How to parse a sentence?

We consider the sentence:

The parsing is done in three steps:

  1. POS-tagging with Talismane
  2. Convert Talismane into a format usable by Grew (a sed script)
  3. Building the dependency syntax structure by applying Graph Rewriting System

Prerequisite

More info on the parsing process

Step 0: Get the text to parse

Put the input text in the file data.txt

echo "La souris a été mangée par le chat." > data.txt

Step 1: POS-tagging

The parsing system POStoSSQ is waiting for a pos-tagged input. One easy way to produce such a pos-tagged French sentence is to use Talismane.

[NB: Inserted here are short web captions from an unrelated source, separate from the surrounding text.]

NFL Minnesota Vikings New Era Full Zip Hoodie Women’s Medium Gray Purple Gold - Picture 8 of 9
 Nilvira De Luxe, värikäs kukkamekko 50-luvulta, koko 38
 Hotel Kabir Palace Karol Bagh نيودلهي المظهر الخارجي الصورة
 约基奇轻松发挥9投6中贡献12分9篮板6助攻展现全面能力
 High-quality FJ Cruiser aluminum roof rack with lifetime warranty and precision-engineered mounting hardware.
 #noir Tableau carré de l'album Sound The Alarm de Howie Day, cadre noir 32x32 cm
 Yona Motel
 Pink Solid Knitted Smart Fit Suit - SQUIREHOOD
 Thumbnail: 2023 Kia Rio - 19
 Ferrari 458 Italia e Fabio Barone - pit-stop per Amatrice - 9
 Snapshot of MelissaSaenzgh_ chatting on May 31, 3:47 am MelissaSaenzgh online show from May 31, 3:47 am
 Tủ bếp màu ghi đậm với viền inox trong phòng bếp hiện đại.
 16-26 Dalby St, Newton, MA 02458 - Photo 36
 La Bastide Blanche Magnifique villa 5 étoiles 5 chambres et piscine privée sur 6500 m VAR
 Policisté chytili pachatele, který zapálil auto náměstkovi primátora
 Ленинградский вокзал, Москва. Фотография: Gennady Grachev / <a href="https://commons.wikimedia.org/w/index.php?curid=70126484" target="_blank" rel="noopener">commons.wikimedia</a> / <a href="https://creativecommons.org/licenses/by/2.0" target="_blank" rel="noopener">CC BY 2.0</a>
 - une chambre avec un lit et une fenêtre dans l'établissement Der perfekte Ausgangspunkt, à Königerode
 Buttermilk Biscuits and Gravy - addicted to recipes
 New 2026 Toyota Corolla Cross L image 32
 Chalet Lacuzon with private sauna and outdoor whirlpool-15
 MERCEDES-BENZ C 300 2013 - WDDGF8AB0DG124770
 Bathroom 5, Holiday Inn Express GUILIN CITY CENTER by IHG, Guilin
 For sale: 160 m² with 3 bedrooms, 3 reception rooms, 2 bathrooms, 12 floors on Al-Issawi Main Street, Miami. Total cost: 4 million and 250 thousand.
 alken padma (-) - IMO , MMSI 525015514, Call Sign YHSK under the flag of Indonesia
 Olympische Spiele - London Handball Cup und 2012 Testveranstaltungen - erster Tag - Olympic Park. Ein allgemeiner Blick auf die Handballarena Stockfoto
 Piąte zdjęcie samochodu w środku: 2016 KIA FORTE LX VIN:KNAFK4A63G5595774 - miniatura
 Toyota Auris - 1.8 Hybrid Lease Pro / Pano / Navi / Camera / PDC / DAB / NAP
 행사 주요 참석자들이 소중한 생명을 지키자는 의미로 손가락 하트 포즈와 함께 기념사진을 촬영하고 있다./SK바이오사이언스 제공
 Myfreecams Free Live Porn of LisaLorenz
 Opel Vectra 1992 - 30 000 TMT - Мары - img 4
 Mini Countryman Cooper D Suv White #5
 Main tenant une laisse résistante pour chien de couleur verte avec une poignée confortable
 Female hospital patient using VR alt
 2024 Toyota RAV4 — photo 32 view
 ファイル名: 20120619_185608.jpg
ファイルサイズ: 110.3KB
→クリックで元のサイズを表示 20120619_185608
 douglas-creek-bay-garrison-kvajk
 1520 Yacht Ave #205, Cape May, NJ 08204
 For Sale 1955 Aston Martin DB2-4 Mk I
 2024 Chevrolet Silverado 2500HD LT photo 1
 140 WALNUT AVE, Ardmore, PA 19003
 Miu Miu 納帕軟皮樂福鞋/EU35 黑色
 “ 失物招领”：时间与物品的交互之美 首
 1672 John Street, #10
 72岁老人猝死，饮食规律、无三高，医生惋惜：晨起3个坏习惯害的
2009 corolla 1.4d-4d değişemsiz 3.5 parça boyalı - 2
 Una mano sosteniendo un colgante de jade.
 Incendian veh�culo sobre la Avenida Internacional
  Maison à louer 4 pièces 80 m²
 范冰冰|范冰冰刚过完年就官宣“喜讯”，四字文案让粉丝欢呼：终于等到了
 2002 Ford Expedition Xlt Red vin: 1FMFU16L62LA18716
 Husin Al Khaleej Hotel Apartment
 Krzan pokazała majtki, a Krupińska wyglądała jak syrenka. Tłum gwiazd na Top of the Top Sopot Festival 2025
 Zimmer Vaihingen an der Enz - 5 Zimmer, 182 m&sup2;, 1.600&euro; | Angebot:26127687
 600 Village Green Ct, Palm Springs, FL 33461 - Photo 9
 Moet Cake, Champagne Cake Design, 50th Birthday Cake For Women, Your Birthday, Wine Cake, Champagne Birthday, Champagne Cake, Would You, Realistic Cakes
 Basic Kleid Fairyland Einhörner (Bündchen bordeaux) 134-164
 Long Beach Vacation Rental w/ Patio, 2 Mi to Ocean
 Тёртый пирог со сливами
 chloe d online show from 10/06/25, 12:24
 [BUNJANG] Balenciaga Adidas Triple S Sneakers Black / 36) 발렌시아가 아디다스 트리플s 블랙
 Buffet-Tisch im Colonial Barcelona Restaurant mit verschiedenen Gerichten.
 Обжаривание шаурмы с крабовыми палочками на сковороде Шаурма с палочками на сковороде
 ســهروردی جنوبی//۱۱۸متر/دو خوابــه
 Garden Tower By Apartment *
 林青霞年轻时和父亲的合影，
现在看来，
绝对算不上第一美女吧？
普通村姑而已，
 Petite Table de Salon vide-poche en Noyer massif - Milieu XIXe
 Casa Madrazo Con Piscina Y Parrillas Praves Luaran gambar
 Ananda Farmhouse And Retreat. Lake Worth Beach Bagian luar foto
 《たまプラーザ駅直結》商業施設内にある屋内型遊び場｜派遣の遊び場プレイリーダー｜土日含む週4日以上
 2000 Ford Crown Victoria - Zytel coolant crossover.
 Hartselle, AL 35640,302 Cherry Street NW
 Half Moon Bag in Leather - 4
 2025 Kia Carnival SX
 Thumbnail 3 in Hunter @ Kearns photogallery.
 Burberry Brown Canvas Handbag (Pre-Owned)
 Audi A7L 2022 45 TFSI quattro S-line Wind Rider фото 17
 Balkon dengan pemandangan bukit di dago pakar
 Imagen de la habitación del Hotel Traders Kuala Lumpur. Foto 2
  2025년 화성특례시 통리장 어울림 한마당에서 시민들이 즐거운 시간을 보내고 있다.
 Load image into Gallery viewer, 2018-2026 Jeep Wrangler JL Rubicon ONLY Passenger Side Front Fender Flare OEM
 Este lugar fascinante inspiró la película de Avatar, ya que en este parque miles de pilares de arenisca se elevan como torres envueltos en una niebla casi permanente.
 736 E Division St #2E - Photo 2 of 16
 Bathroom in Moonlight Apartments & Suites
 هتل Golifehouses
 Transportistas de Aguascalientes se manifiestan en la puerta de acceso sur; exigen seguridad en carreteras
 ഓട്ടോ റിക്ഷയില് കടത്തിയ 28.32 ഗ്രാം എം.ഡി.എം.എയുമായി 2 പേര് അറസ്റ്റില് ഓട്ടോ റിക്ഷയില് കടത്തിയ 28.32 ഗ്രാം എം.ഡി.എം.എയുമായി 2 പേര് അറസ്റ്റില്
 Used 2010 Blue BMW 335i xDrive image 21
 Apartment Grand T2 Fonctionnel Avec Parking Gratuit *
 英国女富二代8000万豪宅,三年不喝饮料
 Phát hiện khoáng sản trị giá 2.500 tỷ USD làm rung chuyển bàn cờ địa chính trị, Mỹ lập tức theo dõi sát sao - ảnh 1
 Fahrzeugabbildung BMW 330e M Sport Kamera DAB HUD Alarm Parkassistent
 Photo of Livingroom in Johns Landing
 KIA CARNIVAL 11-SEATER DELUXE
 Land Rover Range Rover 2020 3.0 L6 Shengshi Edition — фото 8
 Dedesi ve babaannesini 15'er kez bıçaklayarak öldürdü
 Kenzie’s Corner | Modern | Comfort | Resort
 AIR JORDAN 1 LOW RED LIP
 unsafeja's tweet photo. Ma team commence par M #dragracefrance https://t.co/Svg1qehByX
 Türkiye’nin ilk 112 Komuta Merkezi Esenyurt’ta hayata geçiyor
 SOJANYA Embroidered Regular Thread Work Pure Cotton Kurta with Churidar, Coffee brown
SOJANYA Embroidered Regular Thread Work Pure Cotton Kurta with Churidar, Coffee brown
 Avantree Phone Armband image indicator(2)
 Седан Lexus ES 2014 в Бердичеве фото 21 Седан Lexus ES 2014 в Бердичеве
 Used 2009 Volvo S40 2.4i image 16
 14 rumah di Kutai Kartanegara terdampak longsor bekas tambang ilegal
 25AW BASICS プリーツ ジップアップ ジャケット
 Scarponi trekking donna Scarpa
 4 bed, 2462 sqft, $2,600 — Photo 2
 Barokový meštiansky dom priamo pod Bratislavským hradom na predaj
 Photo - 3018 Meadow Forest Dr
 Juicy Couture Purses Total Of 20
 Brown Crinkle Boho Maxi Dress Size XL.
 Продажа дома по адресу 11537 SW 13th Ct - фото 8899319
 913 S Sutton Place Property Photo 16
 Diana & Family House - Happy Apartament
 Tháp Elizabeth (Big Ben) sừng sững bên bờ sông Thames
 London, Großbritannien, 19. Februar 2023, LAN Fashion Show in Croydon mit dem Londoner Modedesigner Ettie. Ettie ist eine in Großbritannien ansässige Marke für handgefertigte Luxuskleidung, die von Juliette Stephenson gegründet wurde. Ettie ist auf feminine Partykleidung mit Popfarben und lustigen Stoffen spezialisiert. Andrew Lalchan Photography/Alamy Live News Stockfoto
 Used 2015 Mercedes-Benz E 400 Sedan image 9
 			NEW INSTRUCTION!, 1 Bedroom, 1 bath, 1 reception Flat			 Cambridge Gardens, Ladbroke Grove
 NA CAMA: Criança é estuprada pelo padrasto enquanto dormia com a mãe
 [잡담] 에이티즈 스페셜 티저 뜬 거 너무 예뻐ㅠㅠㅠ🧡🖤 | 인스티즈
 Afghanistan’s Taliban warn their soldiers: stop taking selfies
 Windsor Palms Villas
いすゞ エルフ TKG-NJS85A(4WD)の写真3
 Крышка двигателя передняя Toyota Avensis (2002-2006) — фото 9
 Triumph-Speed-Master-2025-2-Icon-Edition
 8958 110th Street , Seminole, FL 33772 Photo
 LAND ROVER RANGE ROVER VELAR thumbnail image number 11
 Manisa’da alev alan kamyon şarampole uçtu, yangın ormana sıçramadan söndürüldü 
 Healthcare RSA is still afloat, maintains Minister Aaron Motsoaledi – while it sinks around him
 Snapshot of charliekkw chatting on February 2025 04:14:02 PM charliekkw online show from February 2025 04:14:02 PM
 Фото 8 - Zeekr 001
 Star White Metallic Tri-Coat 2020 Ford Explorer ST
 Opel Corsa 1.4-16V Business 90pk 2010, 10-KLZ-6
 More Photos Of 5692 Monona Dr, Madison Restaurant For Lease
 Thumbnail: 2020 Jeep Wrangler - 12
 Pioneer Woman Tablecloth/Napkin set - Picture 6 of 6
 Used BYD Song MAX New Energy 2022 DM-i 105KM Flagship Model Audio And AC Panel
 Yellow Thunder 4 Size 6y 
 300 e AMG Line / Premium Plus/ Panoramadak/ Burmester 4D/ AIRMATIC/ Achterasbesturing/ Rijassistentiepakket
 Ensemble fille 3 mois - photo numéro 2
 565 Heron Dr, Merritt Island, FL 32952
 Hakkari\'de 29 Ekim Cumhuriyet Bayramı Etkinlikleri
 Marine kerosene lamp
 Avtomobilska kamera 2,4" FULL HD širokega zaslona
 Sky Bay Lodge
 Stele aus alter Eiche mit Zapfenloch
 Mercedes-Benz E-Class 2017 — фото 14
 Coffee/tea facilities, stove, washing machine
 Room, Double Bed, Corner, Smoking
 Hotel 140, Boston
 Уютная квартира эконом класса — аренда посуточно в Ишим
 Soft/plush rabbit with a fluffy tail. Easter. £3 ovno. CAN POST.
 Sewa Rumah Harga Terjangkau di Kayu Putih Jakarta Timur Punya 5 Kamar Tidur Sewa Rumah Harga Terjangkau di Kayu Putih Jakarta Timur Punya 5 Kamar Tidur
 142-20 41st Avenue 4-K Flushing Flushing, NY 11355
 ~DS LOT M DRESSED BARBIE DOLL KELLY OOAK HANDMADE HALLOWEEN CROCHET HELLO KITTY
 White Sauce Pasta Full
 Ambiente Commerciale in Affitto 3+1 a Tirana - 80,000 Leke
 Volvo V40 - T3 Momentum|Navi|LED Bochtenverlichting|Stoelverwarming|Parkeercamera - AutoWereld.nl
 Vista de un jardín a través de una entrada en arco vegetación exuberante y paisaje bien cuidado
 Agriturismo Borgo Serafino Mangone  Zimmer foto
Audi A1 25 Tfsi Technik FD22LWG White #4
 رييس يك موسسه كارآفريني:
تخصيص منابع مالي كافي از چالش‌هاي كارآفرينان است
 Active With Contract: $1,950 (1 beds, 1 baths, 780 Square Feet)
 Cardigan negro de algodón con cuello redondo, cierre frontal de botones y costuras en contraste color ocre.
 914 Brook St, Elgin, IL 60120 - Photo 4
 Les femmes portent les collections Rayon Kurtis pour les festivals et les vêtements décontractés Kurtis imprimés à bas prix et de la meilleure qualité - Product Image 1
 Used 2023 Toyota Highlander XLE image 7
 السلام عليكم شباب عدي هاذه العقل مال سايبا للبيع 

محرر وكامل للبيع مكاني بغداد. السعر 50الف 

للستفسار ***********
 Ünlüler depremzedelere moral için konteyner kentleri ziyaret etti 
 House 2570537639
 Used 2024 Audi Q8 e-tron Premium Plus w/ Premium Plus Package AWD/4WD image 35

Call Talismane for tokenisation and POS-tagging with the command:

java -Xmx1G -Dconfig.file=talismane-fr-5.2.0.conf -jar talismane-core-5.2.0.jar \
  --analyse \
  --endModule=posTagger \
  --sessionId=fr \
  --encoding=UTF8 \
  --inFile=data.txt \
  --outFile=data.tal

This should produce the file data.tal:

1	La	la	DET	DET	n=s|g=f	
2	souris	souris	NC	NC	g=f	
3	a	avoir	V	V	n=s|t=P|p=3	
4	été	être	VPP	VPP	t=K	
5	mangée	manger	VPP	VPP	n=s|g=f|t=K	
6	par	par	P	P		
7	le	le	DET	DET	n=s|g=m	
8	chat	chat	NC	NC	n=s|g=m	
9	.	.	PONCT	PONCT		

Step 2: Convert output

Apply the sed script:

sed -f tal2grew.sed data.tal > data.pos.conll

This produces the file data.pos.conll:

1	La	la	_	DET	n=s|g=f	_	_	_	_
2	souris	souris	_	NC	g=f	_	_	_	_
3	a	avoir	_	V	n=s|m=ind|t=pst|p=3	_	_	_	_
4	été	être	_	VPP	m=part|t=past	_	_	_	_
5	mangée	manger	_	VPP	n=s|g=f|m=part|t=past	_	_	_	_
6	par	par	_	P		_	_	_	_
7	le	le	_	DET	n=s|g=m	_	_	_	_
8	chat	chat	_	NC	n=s|g=m	_	_	_	_
9	.	.	_	PONCT		_	_	_	_

Step 3: Parsing with the GRS

With the file data.pos.conll described above, the following command produces the CoNLL code of the parsed sentence:

grew transform -grs POStoSSQ/grs/surf_synt_main.grs -i data.pos.conll -o data.surf.conll

The output file is data.surf.conll:

1	La	la	D	DET	g=f|n=s	2	det	_	_
2	souris	souris	N	NC	g=f|s=c	5	suj	_	_
3	a	avoir	V	V	m=ind|n=s|p=3|t=pst	5	aux.tps	_	_
4	été	être	V	VPP	m=part|t=past	5	aux.pass	_	_
5	mangée	manger	V	VPP	g=f|m=part|n=s|p=3|t=past	_	_	_	_
6	par	par	P	P	_	5	p_obj.agt	_	_
7	le	le	D	DET	g=m|n=s	8	det	_	_
8	chat	chat	N	NC	g=m|n=s|s=c	6	obj.p	_	_
9	.	.	PONCT	PONCT	_	5	ponct	_	_

which encodes the syntactic structure:

Dependency structure

It is also possible to run a GTK interface in which you can explore step by step rewriting of the input sentence:

grew gui -grs POStoSSQ/grs/surf_synt_main.grs -i data.pos.conll

In case of trouble

Conversion of Talismane output

Talismane outputs features with disjunction of values in case of ambiguities. These disjunction can not be handle with the current parsing system. The sed script tal2grew.sed rewrites or removes the disjunction we have discovered so far but this may not be exhaustive.

If there is an error in the Grew output, you may have to adapt the Step 3.1 in the sed file (please inform us if this is the case, we will update the sed file for other users!).

Use MElt instead of Talismane

If you didn’t manage to use Talismane, MElt is an alternative. See Dependency parsing with MElt if you want to use MElt).